I have the following problem: $\Omega\subset \mathbb{R}^N$ is open and bounded with Lipschitz boundary.I have a sequence of functions $(u_n)\subset W^{1,\infty}(\Omega)$ that converges to $u\in W^{1,\infty}(\Omega)$. In order to finish a proof I'm working on I need to prove that this assumption implies that $\nabla u_n $ converges to $\nabla u $ in $L^\infty$ (or $L^1$, both will work).
I have found the following theorem in the functional analysis book by Brezis (corollary 9.14)
For $1\leq p \leq \infty$ $W^{1,p}(\Omega) \subset L^\infty(\Omega)$ for $p>N$ the injections is continuous and for all $u\in W^{1,p}$ we have $$|u(x)-u(y)|\leq C_{\Omega,N,p} \| u\|_{W^{1,p}} |x-y|^\alpha$$ where $\alpha = 1 - N/p$.
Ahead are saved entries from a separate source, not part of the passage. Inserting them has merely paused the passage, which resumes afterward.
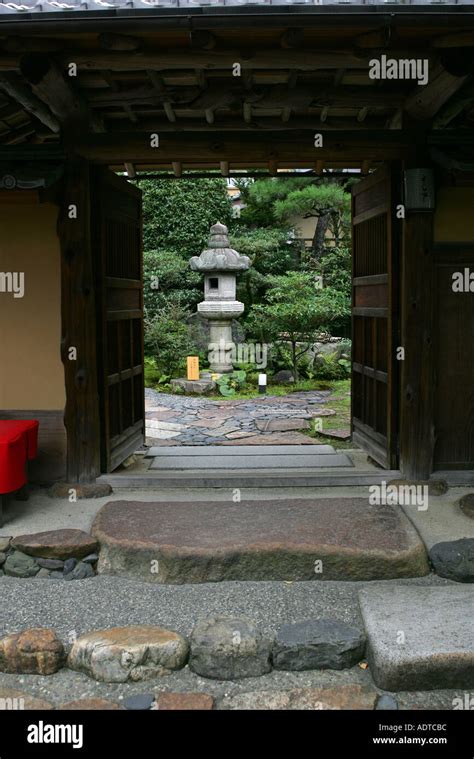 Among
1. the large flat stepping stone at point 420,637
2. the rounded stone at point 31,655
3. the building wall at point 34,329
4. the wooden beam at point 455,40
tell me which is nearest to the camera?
the large flat stepping stone at point 420,637

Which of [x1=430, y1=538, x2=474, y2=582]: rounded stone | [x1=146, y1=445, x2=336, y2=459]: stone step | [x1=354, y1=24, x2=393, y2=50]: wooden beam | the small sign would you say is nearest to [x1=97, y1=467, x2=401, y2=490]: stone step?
[x1=146, y1=445, x2=336, y2=459]: stone step

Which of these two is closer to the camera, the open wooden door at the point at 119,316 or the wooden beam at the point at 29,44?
the wooden beam at the point at 29,44

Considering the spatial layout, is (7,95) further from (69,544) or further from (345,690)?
(345,690)

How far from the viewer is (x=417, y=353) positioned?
21.8 ft

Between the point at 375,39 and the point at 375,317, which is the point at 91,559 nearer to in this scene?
the point at 375,317

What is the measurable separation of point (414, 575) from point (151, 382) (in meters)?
12.3

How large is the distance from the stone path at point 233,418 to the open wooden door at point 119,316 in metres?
1.52

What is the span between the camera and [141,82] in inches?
239

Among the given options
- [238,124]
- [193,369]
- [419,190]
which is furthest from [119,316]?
[193,369]

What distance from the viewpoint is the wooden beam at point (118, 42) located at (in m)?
4.84

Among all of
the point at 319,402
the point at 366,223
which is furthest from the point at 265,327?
the point at 366,223

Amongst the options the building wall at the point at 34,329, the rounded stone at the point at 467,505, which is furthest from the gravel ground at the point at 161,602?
the building wall at the point at 34,329

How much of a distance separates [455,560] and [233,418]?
6.96m

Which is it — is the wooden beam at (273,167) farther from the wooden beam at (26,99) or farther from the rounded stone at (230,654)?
the rounded stone at (230,654) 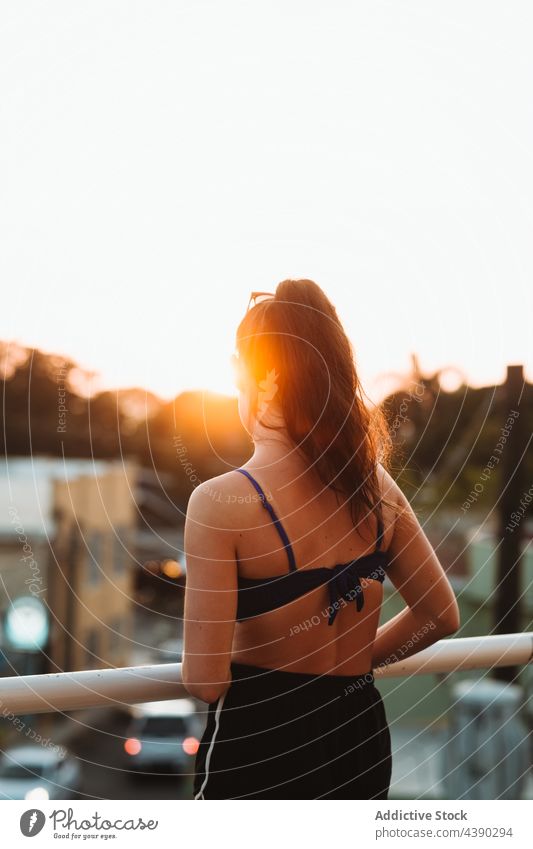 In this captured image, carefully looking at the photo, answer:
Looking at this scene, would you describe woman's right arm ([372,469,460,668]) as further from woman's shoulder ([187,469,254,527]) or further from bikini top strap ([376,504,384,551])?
woman's shoulder ([187,469,254,527])

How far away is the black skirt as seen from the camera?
5.24 ft

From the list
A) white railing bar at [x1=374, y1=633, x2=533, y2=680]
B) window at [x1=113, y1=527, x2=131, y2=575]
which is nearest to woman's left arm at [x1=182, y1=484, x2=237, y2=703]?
white railing bar at [x1=374, y1=633, x2=533, y2=680]

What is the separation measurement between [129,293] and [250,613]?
4.80ft

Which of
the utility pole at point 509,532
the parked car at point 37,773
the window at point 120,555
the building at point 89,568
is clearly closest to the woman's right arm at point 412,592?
the utility pole at point 509,532

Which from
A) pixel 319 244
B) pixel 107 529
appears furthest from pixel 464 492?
pixel 319 244

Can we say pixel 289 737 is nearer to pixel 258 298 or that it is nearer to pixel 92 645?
pixel 258 298

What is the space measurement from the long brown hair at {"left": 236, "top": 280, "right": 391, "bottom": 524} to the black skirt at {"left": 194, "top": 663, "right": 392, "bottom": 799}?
33 centimetres

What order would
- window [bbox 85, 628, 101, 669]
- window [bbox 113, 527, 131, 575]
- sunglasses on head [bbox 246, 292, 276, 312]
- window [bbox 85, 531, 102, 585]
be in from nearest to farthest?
sunglasses on head [bbox 246, 292, 276, 312], window [bbox 85, 531, 102, 585], window [bbox 85, 628, 101, 669], window [bbox 113, 527, 131, 575]

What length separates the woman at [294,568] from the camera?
1.49 metres

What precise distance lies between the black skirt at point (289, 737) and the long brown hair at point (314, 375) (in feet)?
1.09

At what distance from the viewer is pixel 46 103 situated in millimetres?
2631

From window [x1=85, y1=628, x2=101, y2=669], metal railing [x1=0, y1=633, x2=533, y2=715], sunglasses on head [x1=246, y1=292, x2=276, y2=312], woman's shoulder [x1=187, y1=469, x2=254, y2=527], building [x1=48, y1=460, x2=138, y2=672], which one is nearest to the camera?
woman's shoulder [x1=187, y1=469, x2=254, y2=527]

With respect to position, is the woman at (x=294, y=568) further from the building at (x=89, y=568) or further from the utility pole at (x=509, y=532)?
the building at (x=89, y=568)

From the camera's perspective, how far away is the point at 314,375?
162cm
By taking $p=\infty$ I can get $$\frac{|u(x) - u(y)|}{|x-y|} \leq C_{\Omega,N,\infty} \|u\|_{W^{1,\infty}}$$
My question is: Is it possible to conclude from this that $$\|\nabla u\|_{L^1} \leq C \| u\|_{W^{1,\infty}}$$ or $$\|\nabla u\|_{L^\infty} \leq C \| u\|_{W^{1,\infty}}$$ or none of the above.